The minimum formant dispersion (Dfmin) was only marginally related to dominance rank and body size was not related to rank. The sample size we used in our study was probably not sufficient to reveal an effect of body size on rank [7]. Assuming that a large body size is important for winning contests and therefore reaching high-ranking positions, males should use Dfmin as a cue to body size.
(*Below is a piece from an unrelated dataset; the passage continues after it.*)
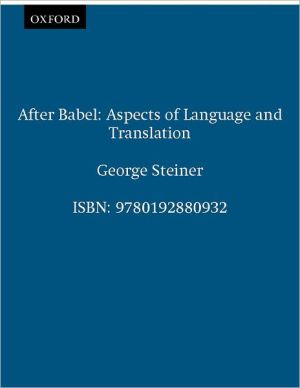 After Babel Aspects of Language and Translation 3/e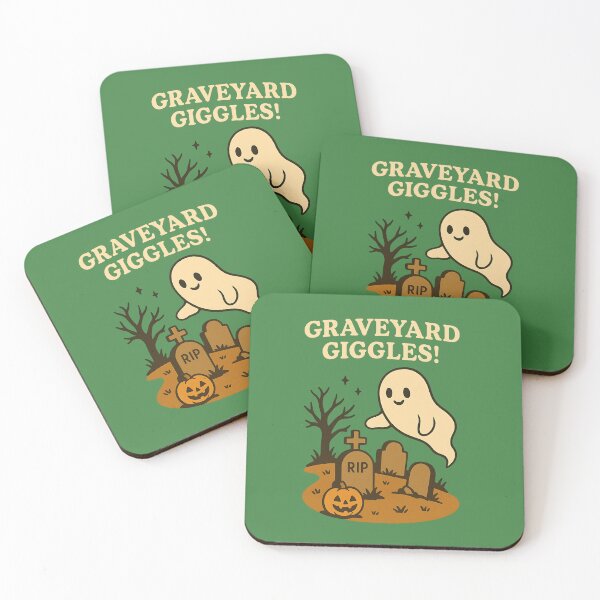 Item preview, Graveyard Giggles – Friendly Halloween Ghost at Spooky Cemetery designed and sold by Taans-Creation.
This has been recently shown in red deer in which males perceive the differences in the Dfmin of roars produced by different competitors and use them to adjust their vocalisations and behaviour accordingly [38].

It is important to note that the majority of social dominance relationships between males were established through non-contact interactions before the rut and therefore before males became vocal [30]. During this time, males live in bachelor herds, and direct assessment of body size and body mass of the competitors is likely to play the major role in determining the outcome of the interactions and therefore the dominance ranks of males [7]. During the rut, the dominance relationships previously established are modified by fights, and males are expected to assess the status of their opponents [30]. Reliable assessment cues are those physically or physiologically linked to fighting ability and males may rely on several of these to assess each other during contests [5]. The use of acoustic cues reflecting the social dominance and therefore the overall resource holding potential of the individual, would then be crucial, especially when the opportunity for visual and olfactory assessment is poor such as at long distances and at night.

We found that dominance rank was the factor that was most strongly related to male mating success and body size appeared to play a secondary role. This result confirms that in fallow deer, as in several other ungulates, reaching a high ranking position is important for males to gain matings [53], [54], [55].

Minimum formant dispersion (Dfmin) and fundamental frequency (F0min) are among those variables that contain most of the information about individuality in fallow deer [41]. According to Dale et al. [56], traits signalling individuality should be characterised by different properties from those coding for male quality. However, some traits can have a role in both individual recognition and assessment of male competitive abilities [57]. Additional investigations together with playback experiments are needed to elucidate the independent role of the acoustic components of groans in conveying identity and quality assessment cues.

In conclusion, this study shows for the first time that the fundamental frequency (F0) of sexually-selected male vocalisations contains reliable information about social dominance in a non-primate species. Our study also confirms the role of formants in revealing male body size in mammals. F0 and formant frequencies may therefore represent acoustic cues to male quality that have primarily evolved in response to intrasexual selection. Other aspects of male vocal behaviour such as the long-term investment in vocal display [34], are instead likely to influence mate choice more directly in fallow deer.

Materials and Methods

Study Site and Population

The study was conducted on a herd of European fallow deer in Phoenix Park (53° 22′ N, 6° 21′ W), Dublin, Ireland. Since 1971 the majority of fawns were ear tagged each year in June, by the park authorities and others. All males used in this study were tagged, of known age and therefore individually recognisable.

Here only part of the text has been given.